Subject: fixing send(2) semantics (kern/29750)
To: None <tech-kern@netbsd.org>
From: Emmanuel Dreyfus <manu@netbsd.org>
List: tech-kern
Date: 03/26/2005 10:56:43
Hello

Some thoughts about the way we can fix send(2) semantics, which is
broken as explained in kern/29750:

Summary: Single Unix Specification and our man page say that unless non
blocking I/O is enabled, send(2) should block when it cannot send the
data because buffers are full.

The code for dealing when the socket send buffer is depleted works,
there is no problem here. The problem is lower in the network stack: The
socket layer calls lower layers and the send request hits the link
layer. For instance we do sosend() -> udp_output() -> ip_output() ->
ether_output().

At the link layer, IFQ_ENQUEUE() is used to put the packet onto the
interface queue. If the interface is full, ENOBUFS is returned and
sosend() fails instead of blocking.

In order to be standard compliant, we need to sleep when blocking I/O is
in use. This can be done at the socket layer or at the link layer. 


1) sleeping at the socket layer, in sosend():

There is no way of telling that the interface queue is full. sosend()
does not know what layers are below, there might even be no underlying
interface. 

So we'd need the lowers layers up to the link layer to report that
information though a function. For instance udp_qavail() -> ip_qavail()
-> ether_qavail(). The change require modifying all the transport,
network and link layers, it's very intrusive. That is probably not a
good path.

Alternatively we can loop, trying to send until we do not get ENOBUFS.
That does not seems very reasonable on the performance front, because on
each attempt we will walk through the whole network stack, redoing
things such as routing, IPsec processing and packet fragmentation.


2) sleeping at the link layer, for instance in ether_output():

We have two problems: 
- All link layer output functions must be modified. That's intrusive,
but at least it's less intrusive than the *_qavail() idea.
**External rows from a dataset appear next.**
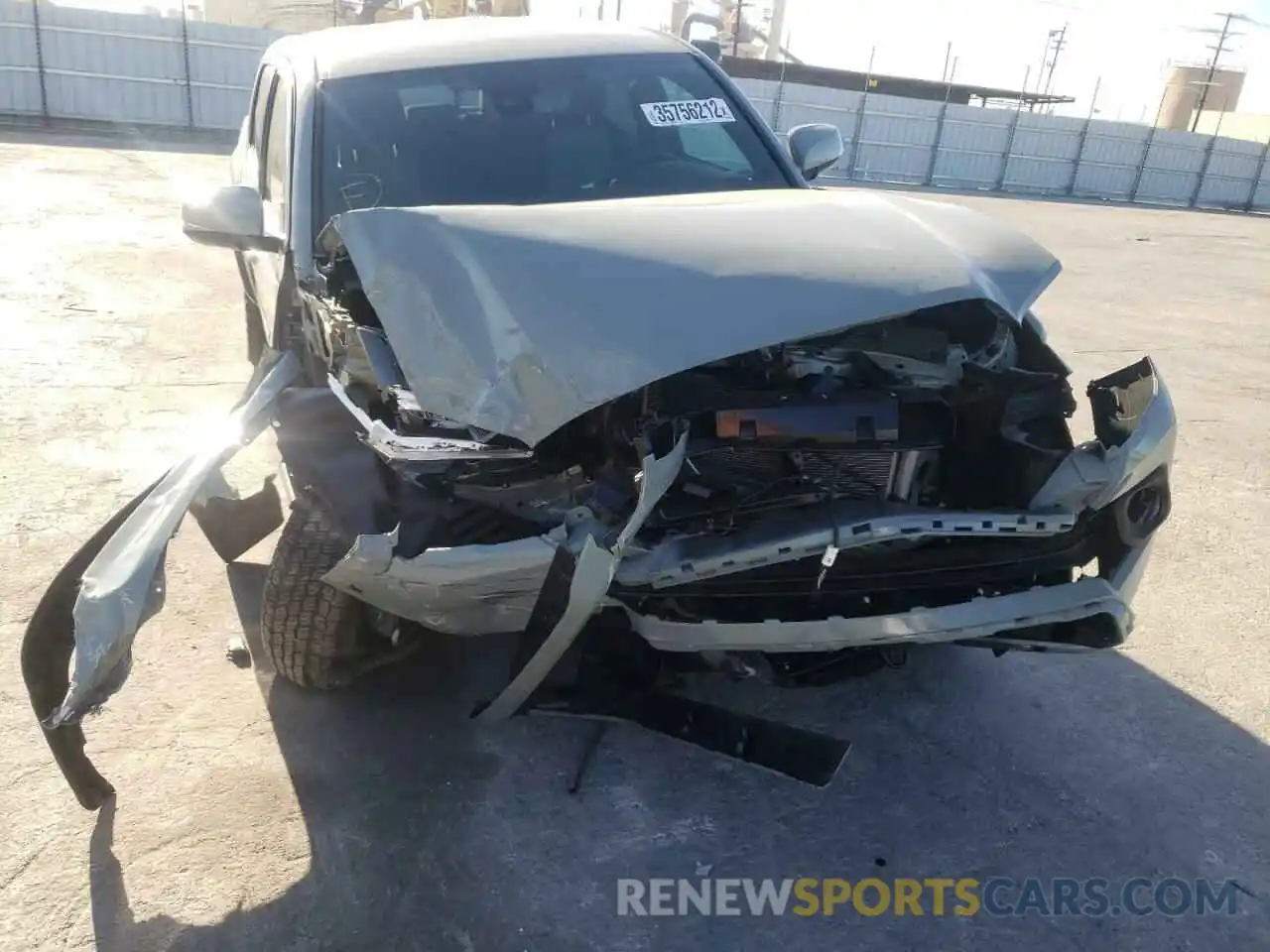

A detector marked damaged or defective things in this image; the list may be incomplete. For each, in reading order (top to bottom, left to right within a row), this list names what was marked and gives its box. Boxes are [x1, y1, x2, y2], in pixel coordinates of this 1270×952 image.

crumpled hood [319, 191, 1064, 452]
torn fender [22, 351, 300, 809]
destroyed front bumper [22, 353, 1175, 805]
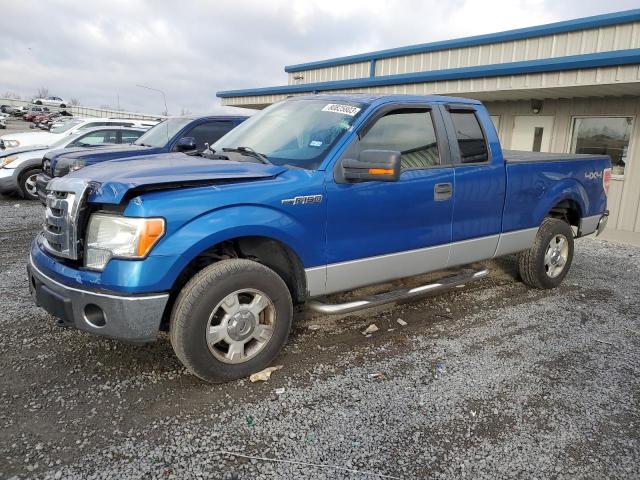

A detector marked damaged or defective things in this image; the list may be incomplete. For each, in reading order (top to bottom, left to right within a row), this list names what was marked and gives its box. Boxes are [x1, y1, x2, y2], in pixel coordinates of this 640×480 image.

crumpled hood [65, 153, 284, 203]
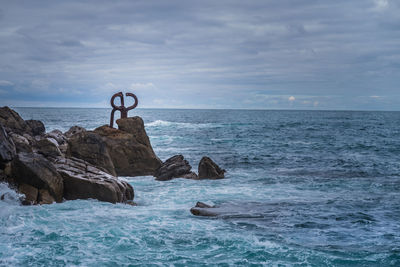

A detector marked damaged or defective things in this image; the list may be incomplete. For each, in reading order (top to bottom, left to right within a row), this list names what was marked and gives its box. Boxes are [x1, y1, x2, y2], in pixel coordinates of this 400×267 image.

rusted steel sculpture [109, 92, 139, 128]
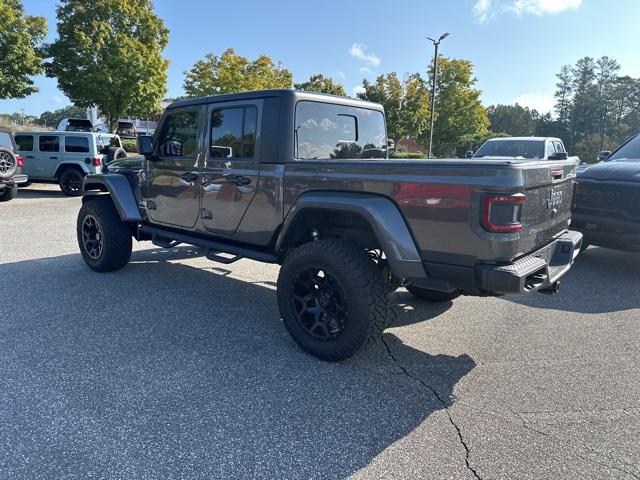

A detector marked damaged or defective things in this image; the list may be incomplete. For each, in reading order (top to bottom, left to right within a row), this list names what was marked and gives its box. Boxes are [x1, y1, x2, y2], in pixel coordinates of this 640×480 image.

parking lot crack [382, 336, 482, 478]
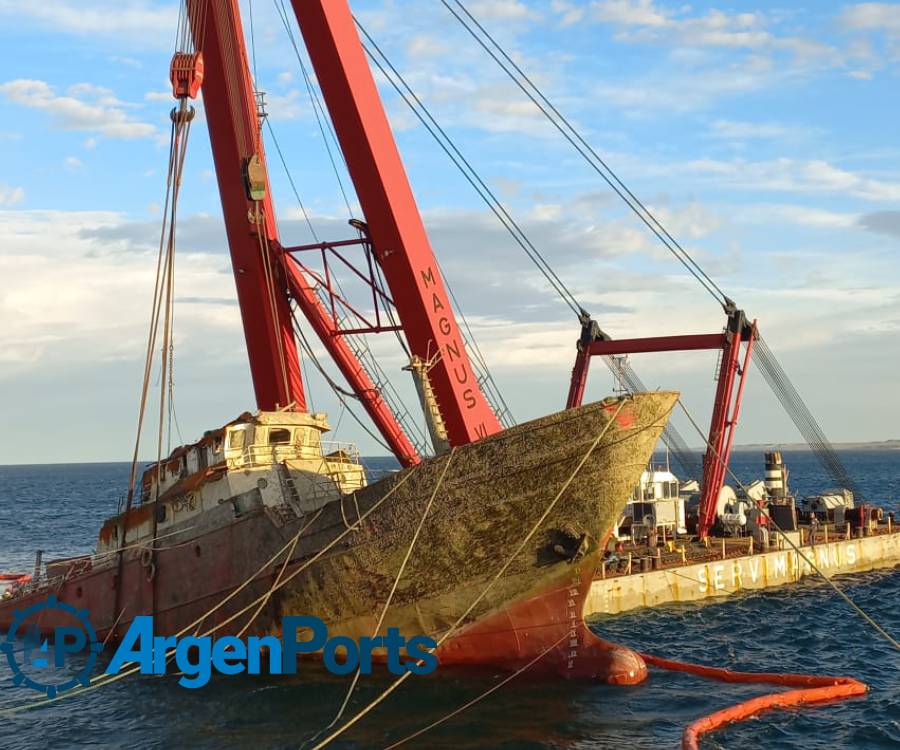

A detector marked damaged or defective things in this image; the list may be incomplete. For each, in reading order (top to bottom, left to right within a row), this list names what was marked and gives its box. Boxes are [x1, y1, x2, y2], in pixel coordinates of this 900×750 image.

rusty ship hull [0, 396, 676, 684]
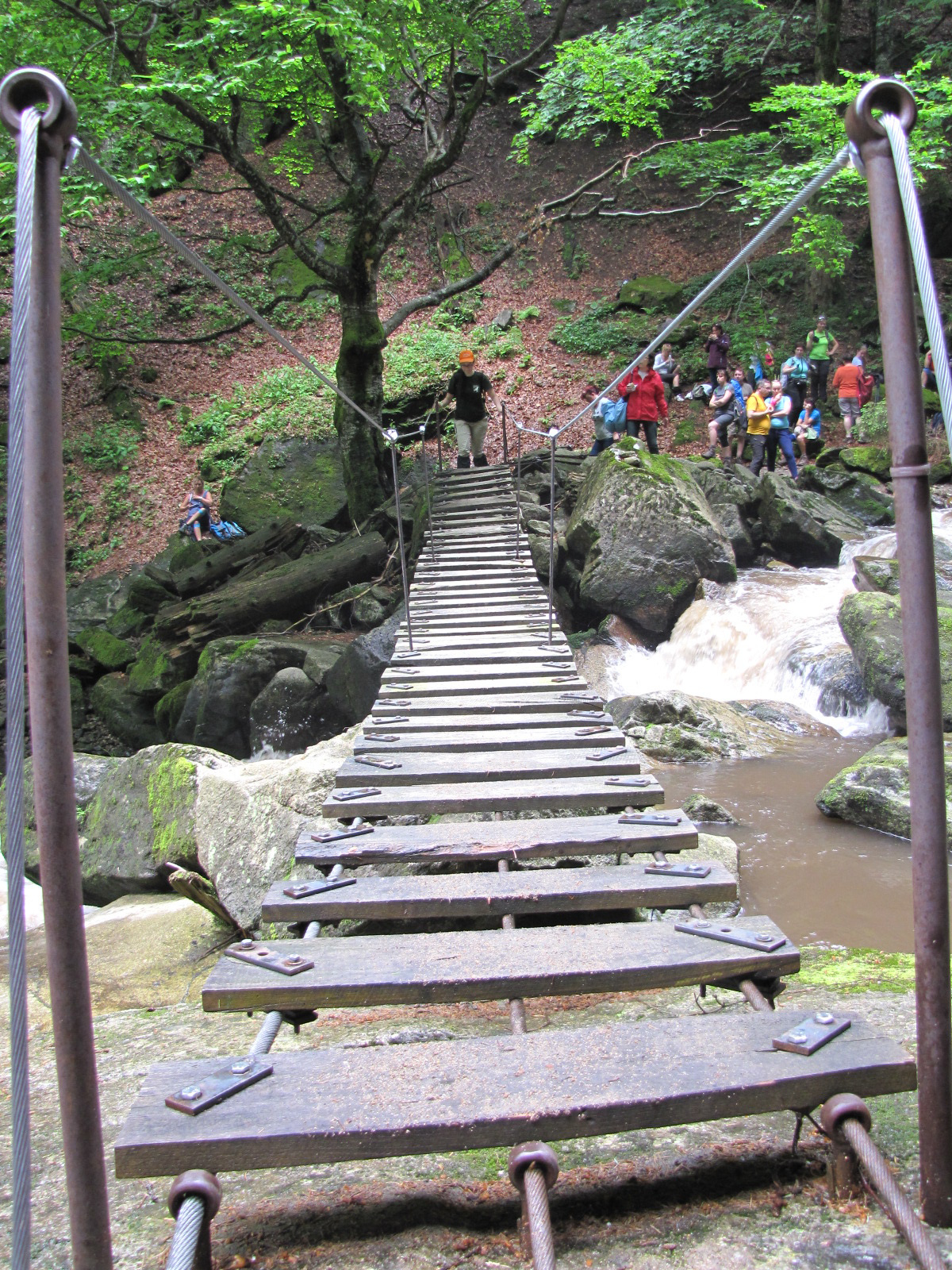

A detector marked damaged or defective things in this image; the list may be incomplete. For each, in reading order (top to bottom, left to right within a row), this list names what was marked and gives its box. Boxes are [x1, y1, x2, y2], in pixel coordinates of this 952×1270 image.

rusty metal post [0, 71, 114, 1270]
rusty support bar [2, 64, 114, 1264]
rusty metal post [847, 76, 952, 1219]
rusty support bar [847, 76, 952, 1219]
rusty metal plate [311, 822, 375, 843]
rusty metal plate [644, 858, 711, 879]
rusty metal plate [282, 879, 360, 899]
rusty metal plate [225, 940, 314, 975]
rusty metal plate [670, 924, 792, 955]
rusty metal plate [771, 1016, 853, 1056]
rusty metal plate [165, 1056, 271, 1118]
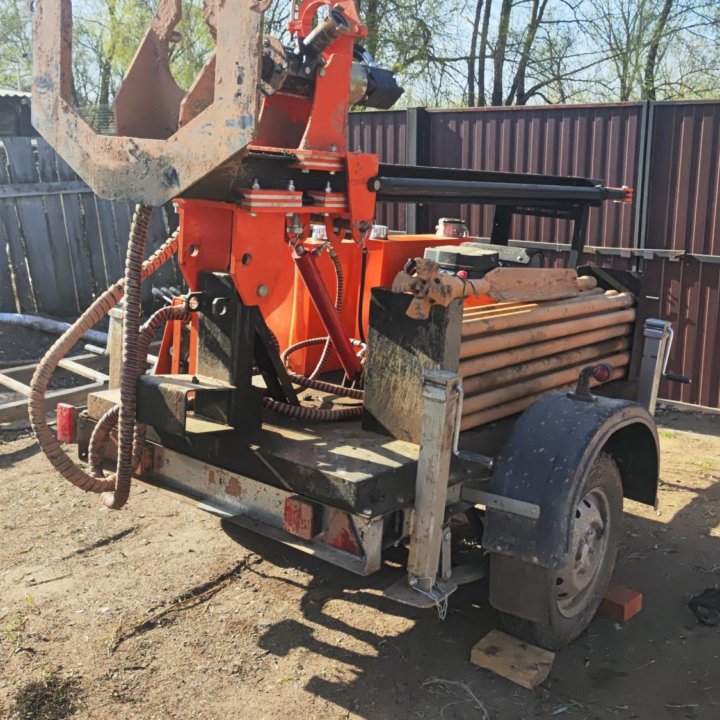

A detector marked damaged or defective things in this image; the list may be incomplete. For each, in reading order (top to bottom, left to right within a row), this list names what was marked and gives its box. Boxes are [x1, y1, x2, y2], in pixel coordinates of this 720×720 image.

rusty steel frame [30, 0, 268, 205]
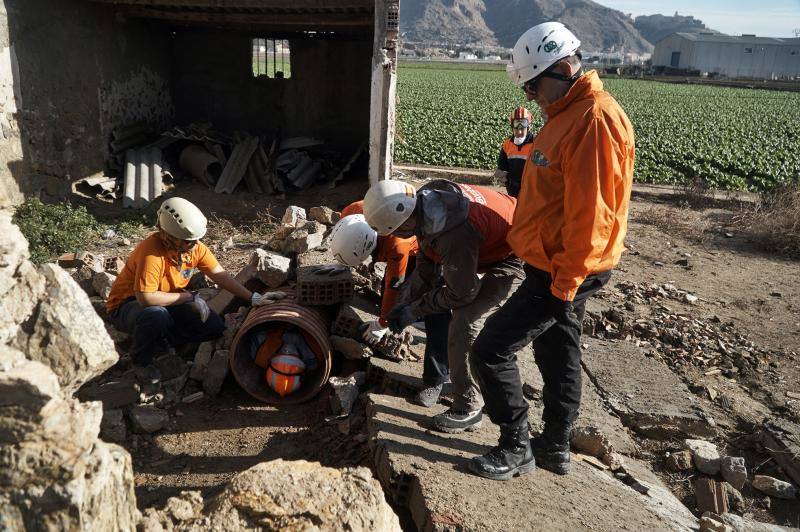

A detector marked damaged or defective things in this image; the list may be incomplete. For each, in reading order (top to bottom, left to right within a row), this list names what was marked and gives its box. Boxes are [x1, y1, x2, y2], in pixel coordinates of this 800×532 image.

broken concrete block [282, 206, 306, 227]
broken concrete block [310, 205, 338, 225]
broken concrete block [284, 228, 324, 255]
broken concrete block [252, 248, 292, 286]
broken concrete block [91, 270, 116, 300]
broken concrete block [188, 340, 212, 382]
broken concrete block [203, 350, 228, 394]
broken concrete block [328, 374, 366, 416]
broken concrete block [328, 336, 372, 362]
cracked concrete slab [580, 338, 716, 438]
broken concrete block [99, 410, 126, 442]
broken concrete block [129, 406, 168, 434]
broken concrete block [568, 426, 612, 460]
broken concrete block [664, 450, 696, 472]
broken concrete block [684, 438, 720, 476]
broken concrete block [692, 478, 732, 516]
broken concrete block [720, 458, 752, 490]
broken concrete block [752, 474, 796, 498]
- There is no way of telling if the socket has blocking I/O or not. In
order to address this, we'd need a reference to the socket. The network
layer output function has the reference, so we just need to change the
link layer output function interface so that the socket reference gets
propagated there. 

IFQ_ENQUEUE() is used at splnet(). I am not sure if we can afford
sleeping at this level: will the driver be able to send the data? I
assume we have to splx() before sleeping. All the work can be done in
IFQ_ENQUEUE() itself. I would add a sleep argument to the macro, set to
1 if the socket has blocking I/O, ans set to 0 otherwise:

#define IFQ_ENQUEUE(ifq, m, pattr, err, sleep)                  \
do {                                                            \
        if (ALTQ_IS_ENABLED((ifq)))                             \
                ALTQ_ENQUEUE((ifq), (m), (pattr), (err));       \
        else {                                                  \
                while (IF_QFULL((ifq))) {                       \
                        if ((sleep)) {                          \
                                splx();                         \
                                tsleep((ifq), PCATCH|PRIBIO,    \
                                    "ifq_enqueue", NULL);       \
                                splnet();                       \
                        } else {                                \
                                m_freem((m));                   \
                                (err) = ENOBUFS;                \
                                break;                          \
                        }                                       \
                        (err) = 0;                              \
                }                                               \
                                                                \
                if (!(err))                                     \
                        IF_ENQUEUE((ifq), (m));                 \
                        (err) = 0;                              \
                }                                               \
        }                                                       \
        if ((err))                                              \
                (ifq)->ifq_drops++;                             \
} while (/*CONSTCOND*/ 0) 


IFQ_DEQUEUE would call wakeup():

#define IFQ_DEQUEUE(ifq, m)                                     \
do {                                                            \
        if (TBR_IS_ENABLED((ifq)))                              \
                (m) = tbr_dequeue((ifq), ALTDQ_REMOVE);         \
        else if (ALTQ_IS_ENABLED((ifq)))                        \
                ALTQ_DEQUEUE((ifq), (m));                       \ 
        else                                                    \  
                IF_DEQUEUE((ifq), (m));                         \
        wakeup((ifq));                                          \
} while (/*CONSTCOND*/ 0)   


Opinions?

-- 
Emmanuel Dreyfus
http://hcpnet.free.fr/pubz
manu@netbsd.org